Mechanical engineering profits were £11.4M, an increase of £200K when compared to the first half of last year and profits at the Refractory Engineering division were £2.4M, an increase of £700K when compared to the first half of 2014.  The fall off of activity in the oil and gas industry due to the lower oil prices reducing investment at oil companies continued during the period.  The group started the year with a record work load of £101M but this steadily decreased as the order input fell behind sales output.  This decreasing work load makes it likely that performance in the second half of the year and next year will not be as good as the first half of this year.

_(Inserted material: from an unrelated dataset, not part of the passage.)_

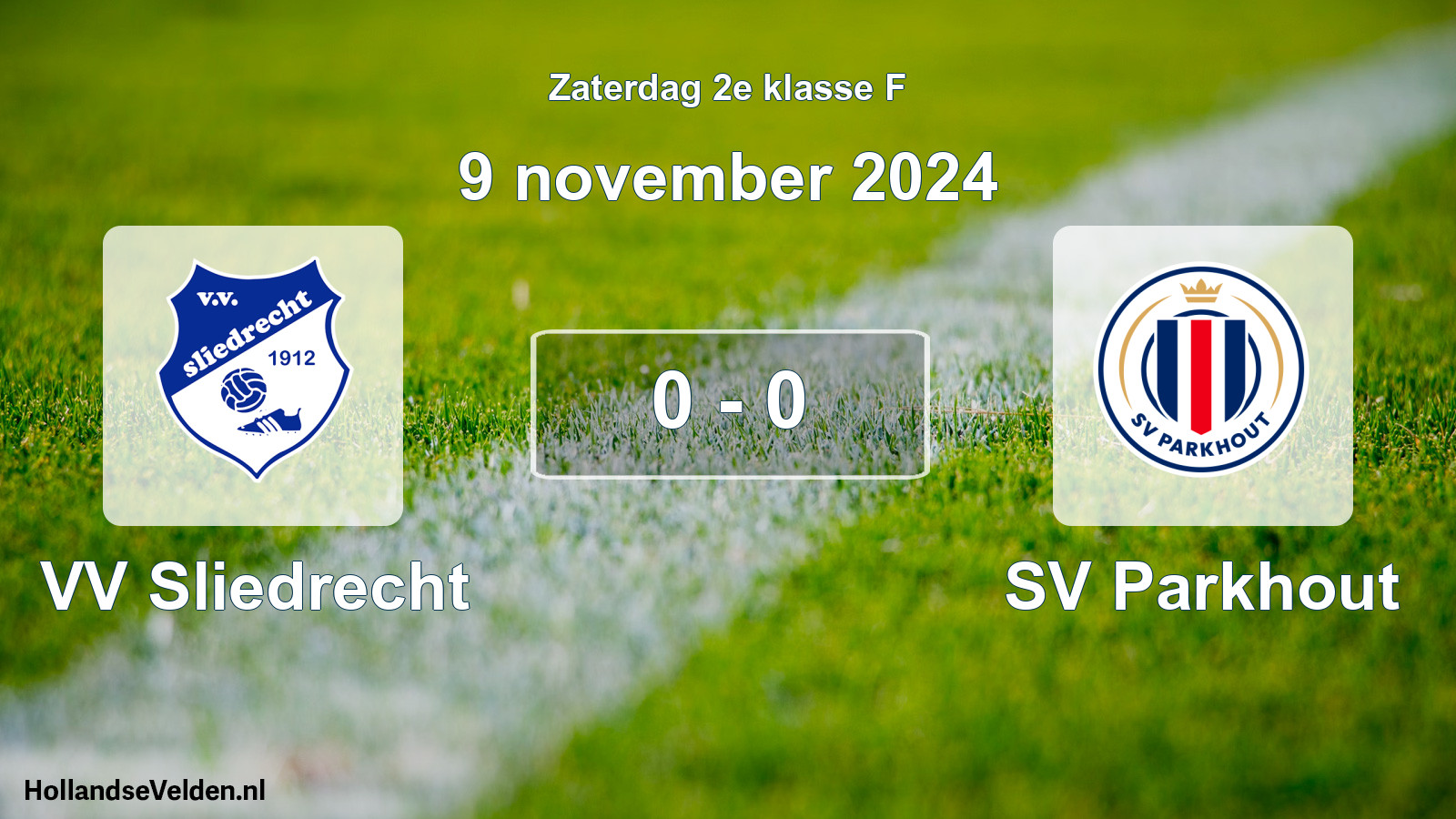 Total number of matches played: VV Sliedrecht - SV Parkhout 0 - 0 (9 November 2024)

The investment in new machinery at Goodwin International is starting to provide benefits and is allowing the group to diversify into markets such as the UK defence industry.  The Refractory division continued to grow revenue and profits which is expected to carry on in the coming years.  During the period the company acquired the Indian partners’ 20% equity in Goodwin Pumps India and Gold Star Powders India which are both now 100% owned by Goodwin.  In the second half of the year the group hopes to win more project engineering business for the foundry and machine shop from both civil markets and UK defence markets.

Goodwin does not pay an interim dividend so the yield remains at 1.9% from the final dividend.  At the end of the period the group has a net debt of £15.4M compared to £14.9M at the same point of last year, although it was just £4.1M at the end of the year.

Overall then this is a mixed update as profits increased across both sectors and net assets improved but the cash flow was a bit of a disaster due to a large increase in receivables and a fall in payables meant there was precious little operational cash flow and certainly no free cash flow, although this was flagged up in the last update.  The real problem is the falling order book due to the beleaguered oil and gas industry cutting expenditure which is likely to mean that second half performance will not be as strong as this half, a trend that is likely to continue into next year so I will keep a watching brief for now.

On the 13th March the group released a management statement covering trading in Q3.  Revenues in the first nine months fell by £5.4M and profit before tax was down £700K to £17.3M.  The trading situation is starting to ease down associated with reduced capital expenditure by the oil and gas companies and tighter market pricing.  I think that means things are getting worse, and in Q3 trading was certainly not good as at the half year point, profits increased year on year but now they have fallen.

 

GDWNChart

The chart looks pretty horrible, definitely one to wait and watch for now.